YOUR INSTRUCTIONS:
Straight copy, no pictures: transcribe each entry as it stands.

Captioned web images
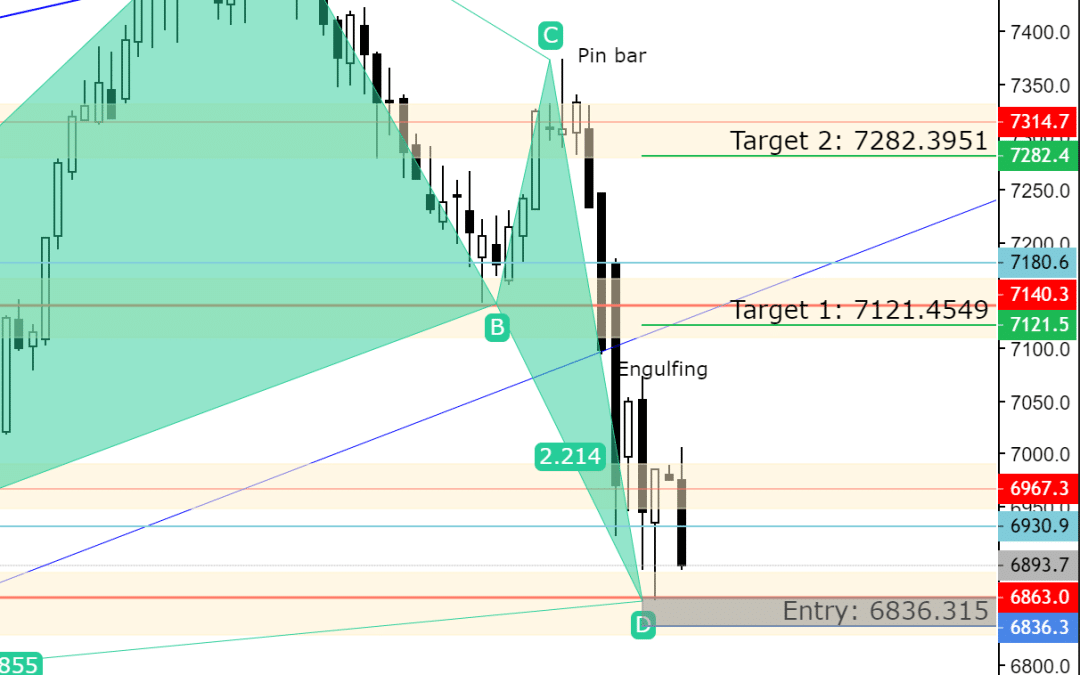 Bat Pattern Analysis Results 25.3.2023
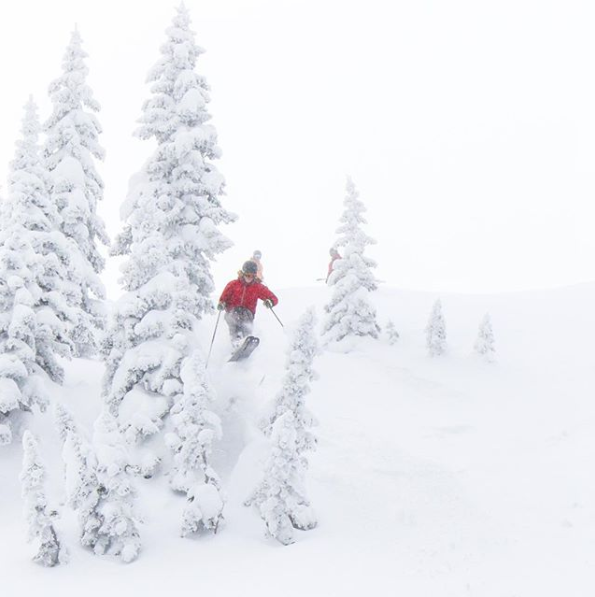 SteamboatCO's tweet photo. You could say we're having a great snow year in Steamboat. 📸: @steamboatpowder https://t.co/3Eh0OSbNoO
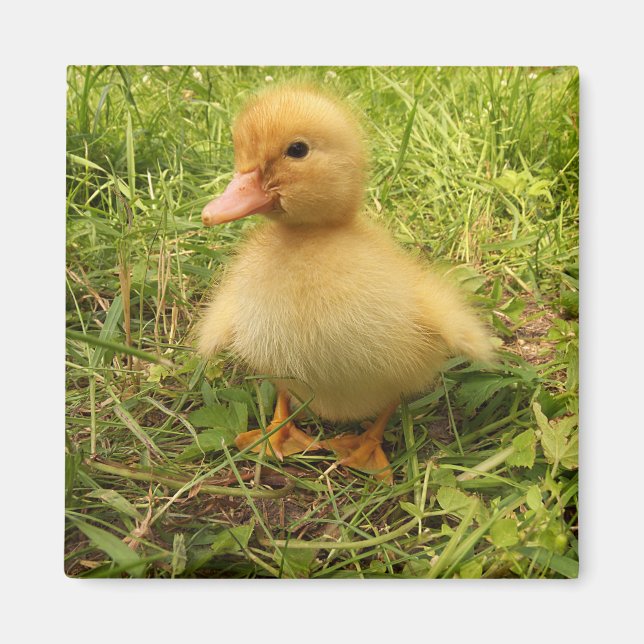Fågel, anka, ankling, gult, natur, söt, baby. magnet (Framsidan)
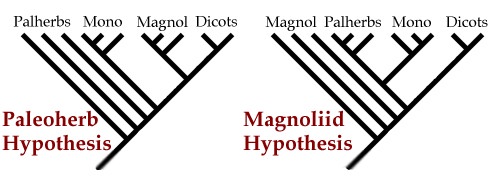 Hypotheses Diagram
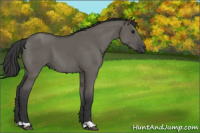 Horse Color:Grullo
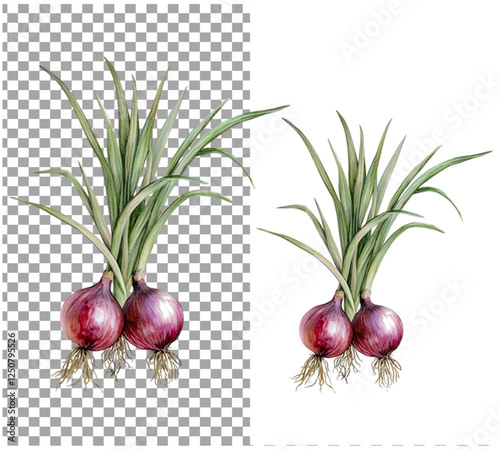 onion vector cultivation vitamin spring diet closeup leaf organic vegetable onion, plant food fresh healthy green agriculture ingredient, natural, bulb, harvest vegetarian, isolated, background, farm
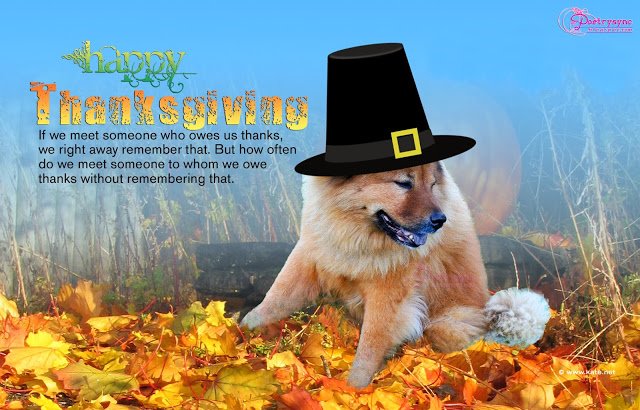 Happy-Thanksgiving-Day-Quote-With-Dog-Picture-Wallpaper-Forest-View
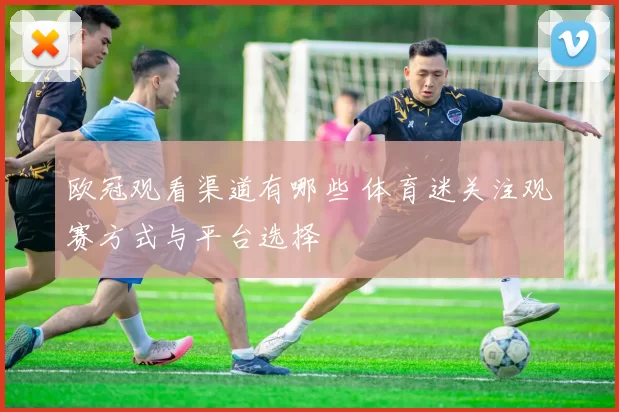 欧冠观看渠道有哪些 体育迷关注观赛方式与平台选择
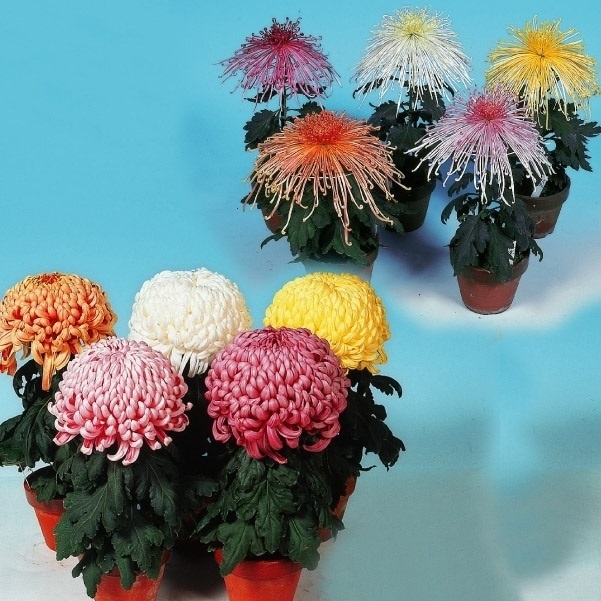 菊苗 大菊 福助作り用厚管混合セット(品種見計らい・名称付き) 6種6芽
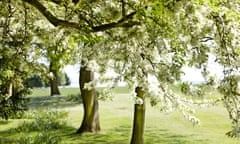 white spring tree blossom<br>BRFDW7 white spring tree blossom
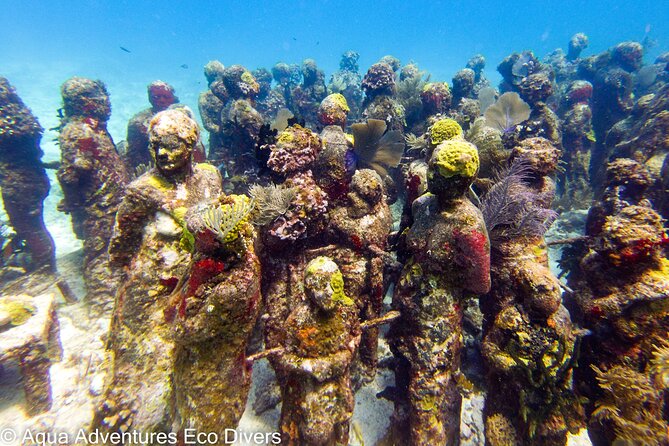 MUSA Museum and Colorful Reef 2 Tank Dive-Certified Divers - Small Group Experience and Personal Attention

EXERCISE SOLUTION:
 Bat Pattern Analysis Results 25.3.2023
 SteamboatCO's tweet photo. You could say we're having a great snow year in Steamboat. 📸: @steamboatpowder https://t.co/3Eh0OSbNoO
Fågel, anka, ankling, gult, natur, söt, baby. magnet (Framsidan)
 Hypotheses Diagram
 Horse Color:Grullo
 onion vector cultivation vitamin spring diet closeup leaf organic vegetable onion, plant food fresh healthy green agriculture ingredient, natural, bulb, harvest vegetarian, isolated, background, farm
 Happy-Thanksgiving-Day-Quote-With-Dog-Picture-Wallpaper-Forest-View
 欧冠观看渠道有哪些 体育迷关注观赛方式与平台选择
 菊苗 大菊 福助作り用厚管混合セット(品種見計らい・名称付き) 6種6芽
 white spring tree blossom<br>BRFDW7 white spring tree blossom
 MUSA Museum and Colorful Reef 2 Tank Dive-Certified Divers - Small Group Experience and Personal Attention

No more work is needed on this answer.